It's your own government that can actually do something bad to you.

(unless you're doing some really really nasty stuff, and china wants to eliminate you for those reasons, and is willing to create a large international incident because of that).



>and even if they did, what can they do to you after that?

An example of what China can do is they can have their workers put pressure on you. Often this pressure is soft, nothing as direct as 'do X or we hurt you with Y'. And often the request, at least at the start, is for something legal and only a bit unethical if even that. A little information to help win a contract, maybe a way to advertise to you why you should go with their vendor for a product, maybe just asking you if a specific coworker seems to have any interest in some odd topic or passing you a resume of someone who seems a good fit for the job.

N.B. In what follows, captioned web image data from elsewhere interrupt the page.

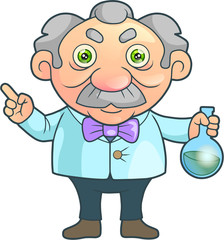 cartoon scientist made a great invention
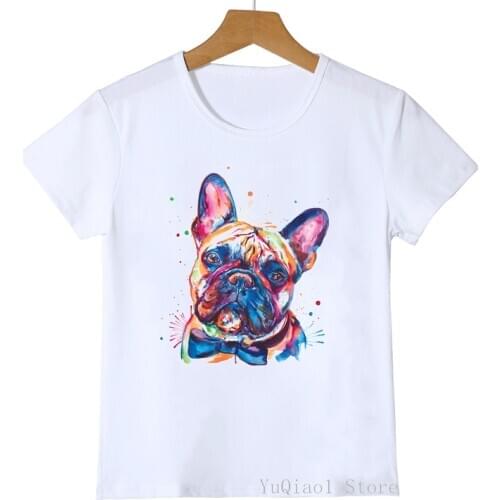 Watercolor Bowtie Frenchie/Boxer/Doberman/Husky/Jack Russel/Retriever/Retriever dog print t-shirt for boy and girls kids clothes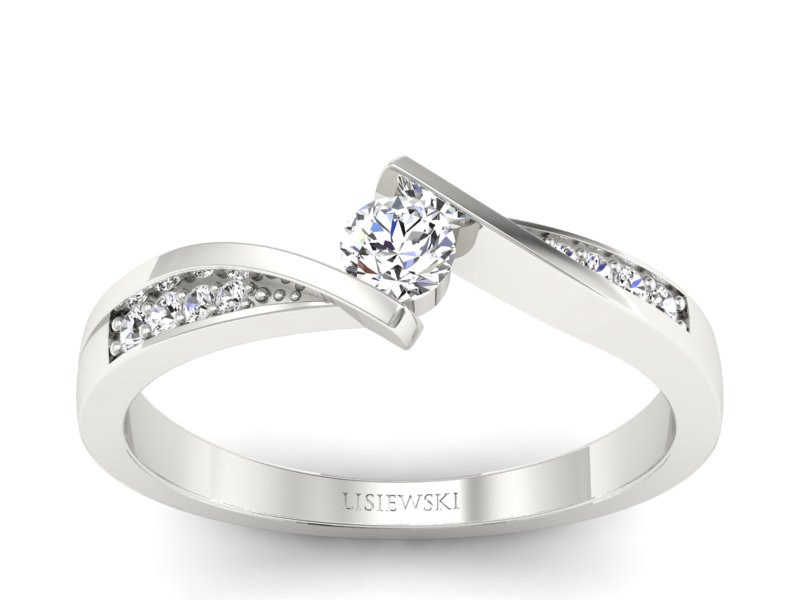 Pierścionek z brylantami białe złoto promocja - 1273skW_pro - 1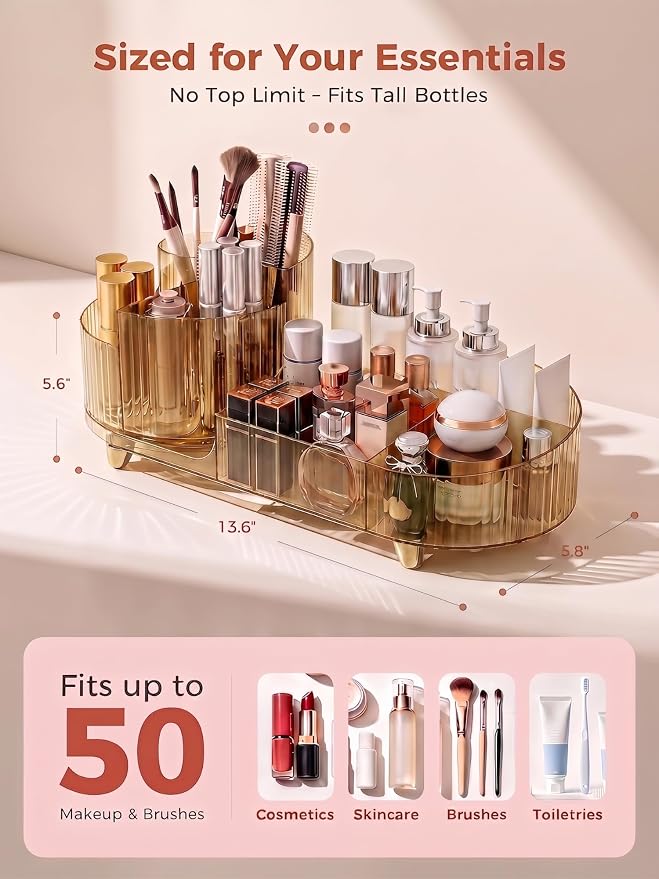 Booklov Rotating Makeup Organizer for Vanity Countertop, Amber | Clear Acrylic Cosmetic Display Case, Large Beauty Brush Holder for Bathroom Counter, Skincare Lipsticks Storage - Image 2
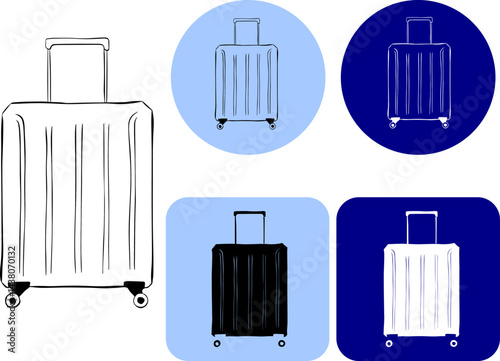 Baggage suitcase logo. Icon Vector graphic line ink Illustration Design. Banner, poster, wrapping paper, sticker, print, modern textile design.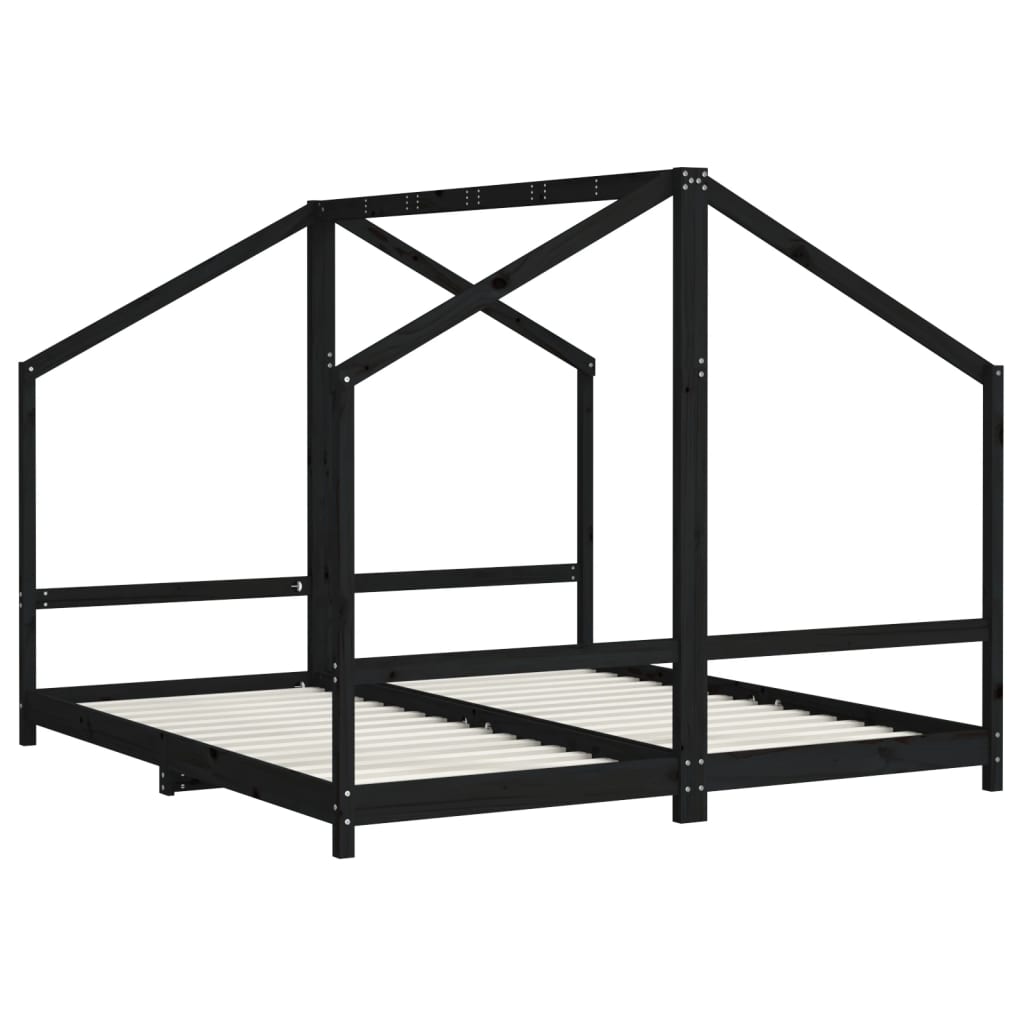 Kinderbedframe 2x(90x200) cm massief grenenhout zwart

If they can they'll push for more with increasing levels of silver and lead, and if not, they use what they did get to pressure elsewhere.


Unless it's gotten better, it's super easy for China.. My traffic to EU World of Warcraft servers got hijacked all the time. I don't know if it was malicious or just incompetent Chinese ISPs, but you feel that extra latency when it goes through China.


But this wasn't a bgp redirect, this was blizzard doing something... if chinese telcos acted as if they were blizzard telcos, there would be bgp filters and a lot of outrage in a matter of minutes. This is not a small deal.